Cockroaches, including B. craniifer, are known to possess independent pulsatile circulatory organs within their antennae, also known as an antennal heart.

It has been found that B. craniifer is capable of regenerating some of its tissues. B.craniifer can regenerate more proximal tissues and structures in a more distal amputation level on its leg after a distal part of the femur foreleg was transplanted to a proximal level of a hindleg tibia. This discovery concluded then that some insects are capable of regenerating certain tissues, and the most frequent type of regeneration in B. craniifer is intercalary regeneration.

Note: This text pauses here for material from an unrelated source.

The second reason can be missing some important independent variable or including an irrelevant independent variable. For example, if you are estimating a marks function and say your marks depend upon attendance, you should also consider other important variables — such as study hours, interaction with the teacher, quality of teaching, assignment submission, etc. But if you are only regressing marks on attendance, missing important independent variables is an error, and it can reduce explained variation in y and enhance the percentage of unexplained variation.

== Reproduction and sexual dimorphism ==
B. craniifer are ovoviviparous cockroaches and mate once at a time. The act of mating begins with the female emitting a sex pheromone, which stimulates loco-motor activity in the male to approach the female. While the female emits the sex pheromones from pygidial glands, which are located posteriorly on the abdomen, she will also assume a calling posture. The male touches the female with his antennae to assess her as a sexual partner. The male raises his wings and wingsheaths vertically and rotates 180 degrees. The female turns and moves towards the males' abdominal tergites, where an aphrodisiac sex pheromone made exclusively by males is emitted through secretions. A close relationship is known to exist between the release of these pheromonal signals from specific glands and the corresponding behaviours of female calling posture and male wing raising. The female licks these secretions while the male slides backwards underneath the female and hooks the edge of the subgenital plate with his phallomere. The female allows insertion by the male into the genital atrium by turning 180 degrees and opening the abdominal cavity.

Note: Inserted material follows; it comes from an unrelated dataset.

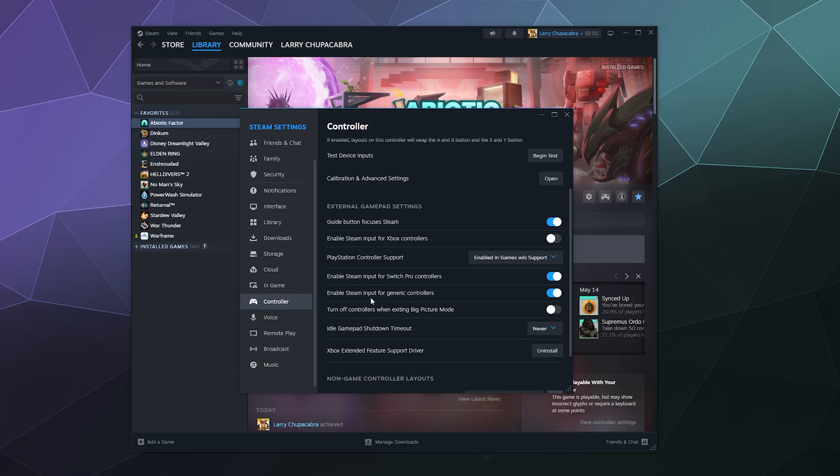It's optional if you want to enable it for generic controllers. Generic controllers are those wannabe console controllers that companies like Logitech sell. They look like a console controller, but they're kind of generic. That's what those are. They're just like a basic controller.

The spermatophore is made by the male inside the females' genital atrium, which is rejected by her multiple days later due to the secretions of her spermathecal glands. Several days later, an ootheca is laid and placed by the female into her brood sac. The gestation period for B. craniifer lasts 55 to 65 days. After this period, the ootheca is ejected and the larvae free themselves from the embryonic covering. During the preoviposition period and during gestation sexual receptivity of females is inhibited.

Both sexes have fully developed wings, but can be distinguished in that the females have a much larger subgenital plate than the males. While sexual dimorphism of the antennae is often seen in other cockroach species, such as Periplaneta americana, no antennal sexual dimorphism is apparent in B. craniifer.